The leading global exchange for options and futures trading is the latest entrant into the business of offering derivatives for bitcoin, the volatile digital currency, which is not listed on a major exchange.
Bitcoin over the last 12 months
The bitcoin futures contract will be cash-settled and based on the CME CF Bitcoin Reference Rate (BRR), which CME launched in November 2016 with London-based digital trading platform Crypto Facilities. The reference rate is a daily settlement price published at 4 p.m. London time, currently noon ET.

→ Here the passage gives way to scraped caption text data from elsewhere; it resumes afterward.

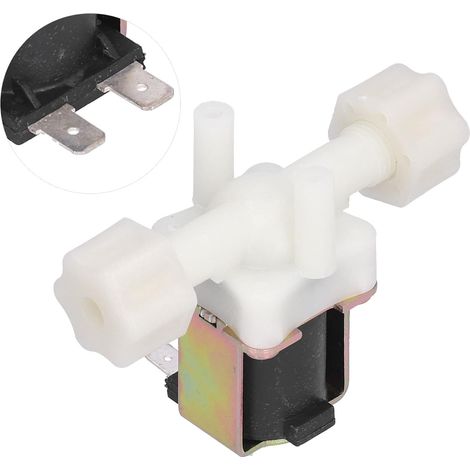 DC12V G1/4 Solenoid Valve, Normally Closed Acting (1/5)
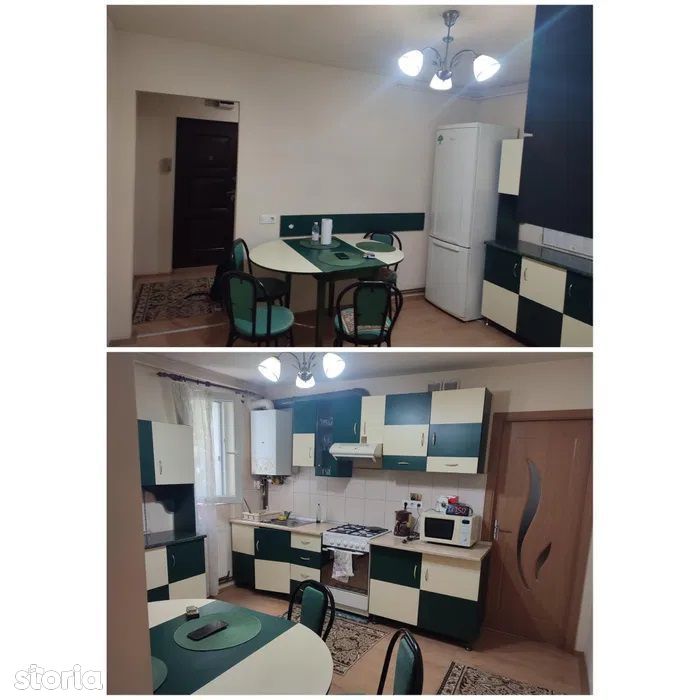 Apartament 3 camere, zona linistita, in Dambu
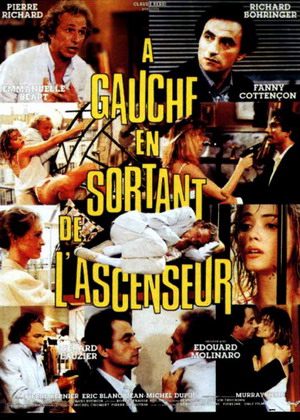 Налево от лифта / #192; gauche en sortant de l'ascenseur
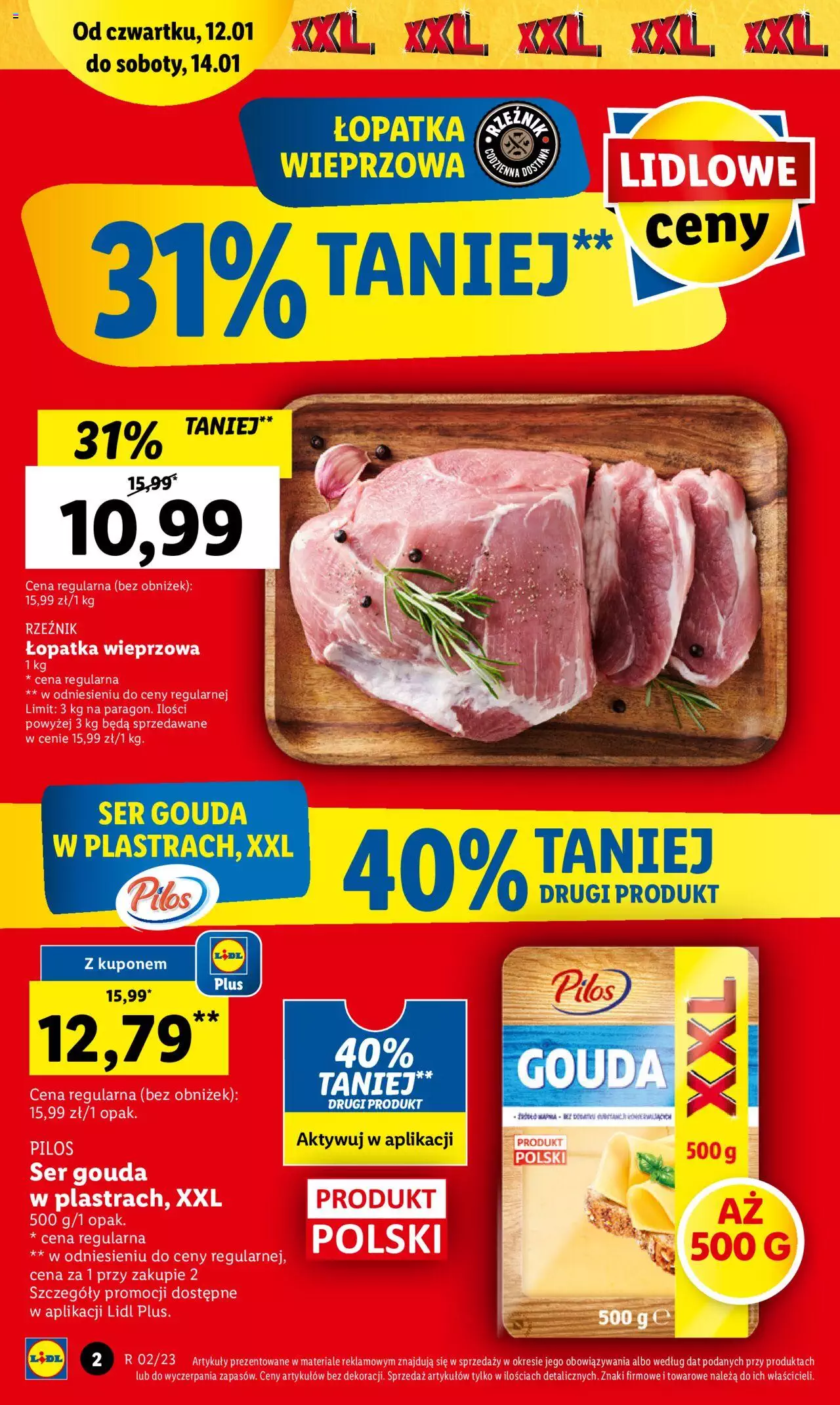 Lidl gazetka ważna od 12.01.2023 do 14.01.2023 strona 2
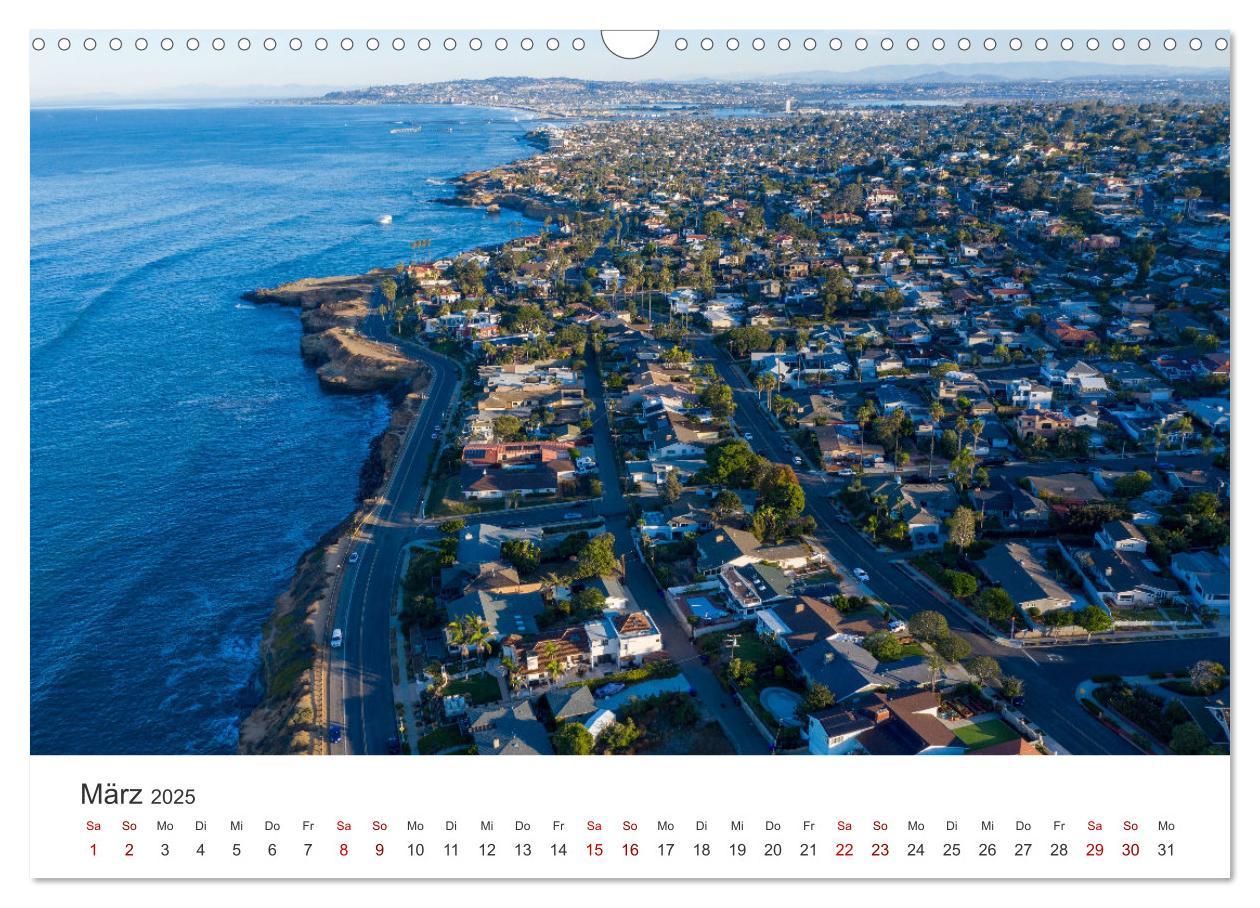 Bild: 9783435000944 | San Diego - Die einzigartige Stadt am Pazifik. (Wandkalender 2025...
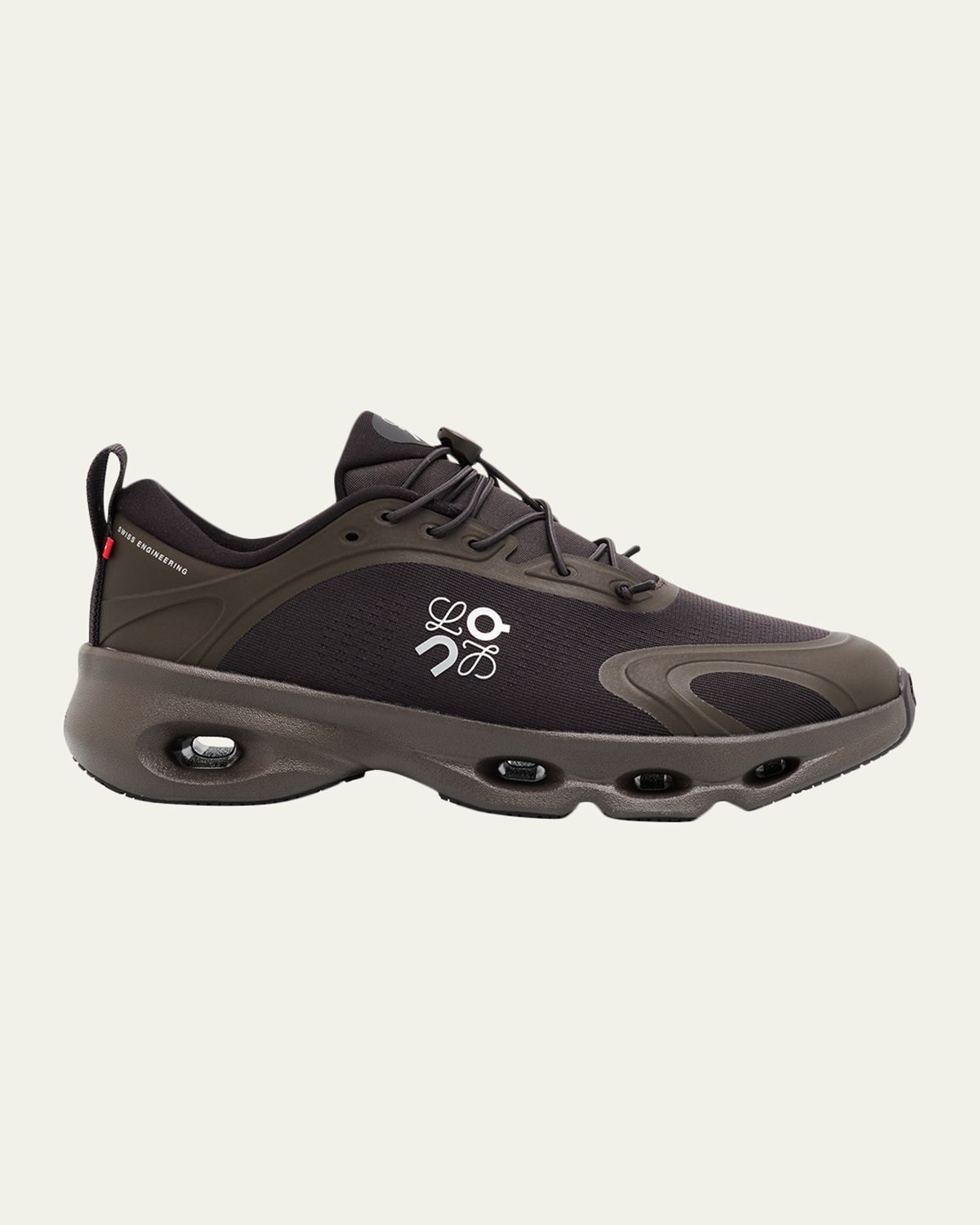 Loewe x On Cloudsolo Men 's Mesh Running Sneakers | Thumbnail 7 Loewe x On Cloudsolo Men 's Mesh Running Sneakers | Thumbnail 7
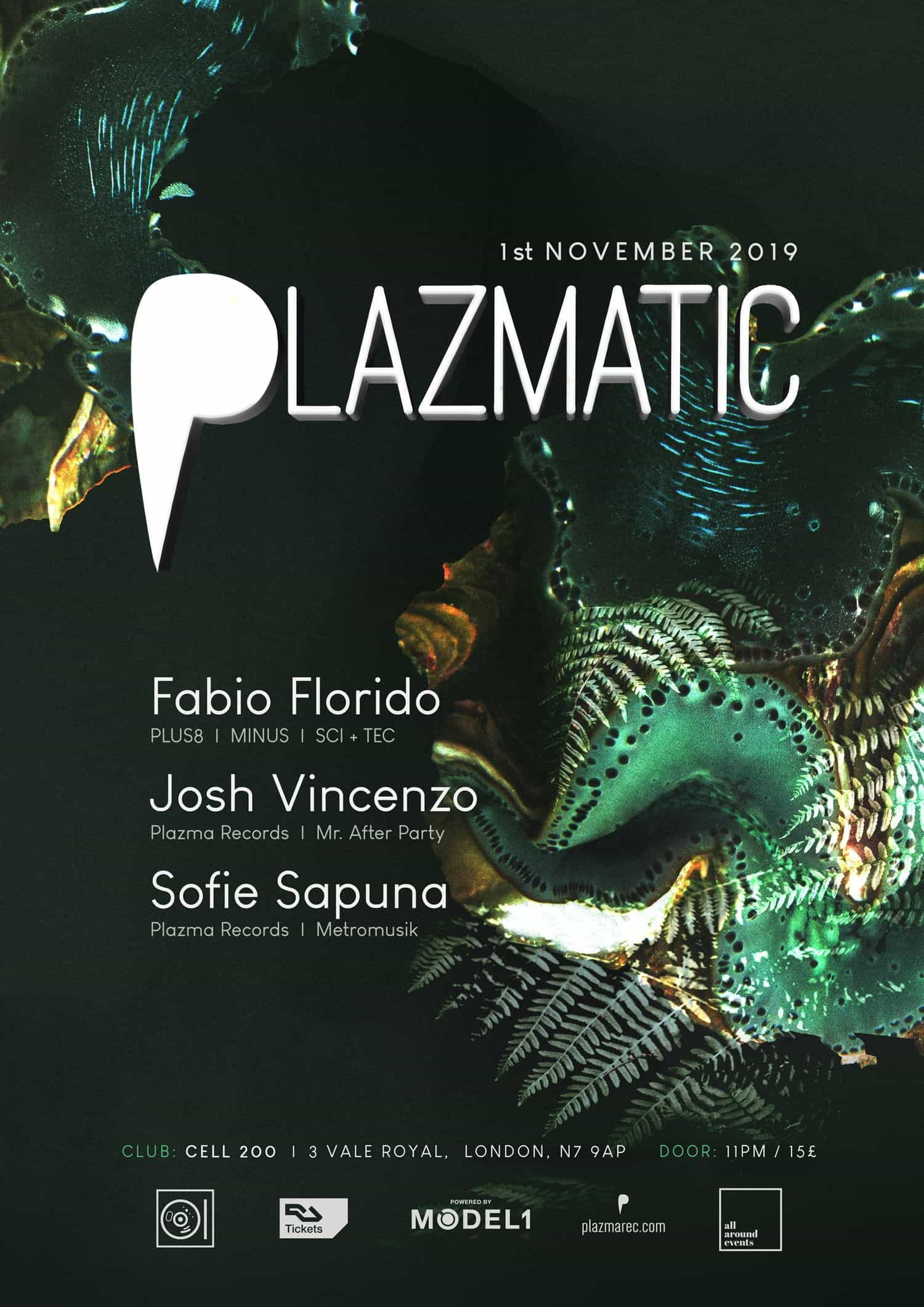 Plazma Records Showcase | Plazmatic: Fabio Florido [Minus]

In less than 10 years, bitcoin has come a long way from being "mined" in homes and predominately used to buy illegal goods online. An entire industry has emerged to mine bitcoin, sell digital mining equipment and offer bitcoin trading services.
The growth of bitcoin derivatives is another step toward the development of the digital currency as a more established asset class. Fundstrat's Tom Lee said his call for bitcoin to top $20,000 by 2022 is based partly on expectations that bitcoin derivatives products will launch.